As Jack showed me his new room upgrade, I knew being at that motel and looking into Jack’s eyes with my heartfelt words of encouragement was everything the future needed. Jack needed to be seen fully for who he was, and I could offer that to him, judgment free. As I called my wife, Claudia, in tears of joy that I could tell Jack that he was doing a great job and supporting his family, I knew deep down that I had touched the sacred, which touched Jack and me both. I was there to initiate his new journey into his second half of life, a 47-year-old man on his way to better days.

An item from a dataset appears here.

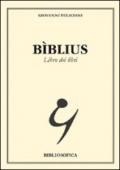 Bìblius. Libro dei libri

When I told Claudia about my urge to support Jack, she mentioned a dear friend in a coma had passed on just moments ago. She said that the baby awaiting his soul couldn’t wait any longer, so Jose gave himself up to a new life. Old rooms at the motel were on the way out; giving rise to the new one needing to sprout out of what remained, a self-medicating drug addict who needed to die into coming alive, to bring new life his guests and family. One life ends and another begins. It is the natural order of the universe making its own art. Mystery is the presence of the soul, and within it, lies death and life in union.
It wasn’t just that I had something for Jack. He had something for me. When you get off the road and shut down, just take a look around you. Everything you need from the future is right there and cuing you up for what’s ahead. Trust it. It’s staring you in the face. When you get off the road and everything stops, it’s to pick up something you need before moving forward. If you drive right past it, something will step in and help you attend to it. Getting back on the road with what’s been added is that which the future needs at this moment.
What is it that brings us into where we are? I entered from the future, not the past.
Remember to operate as if you invited what you have right now. Remember that life is in the business of organizing life and you participate in ever changing formations. You can evolve consciously.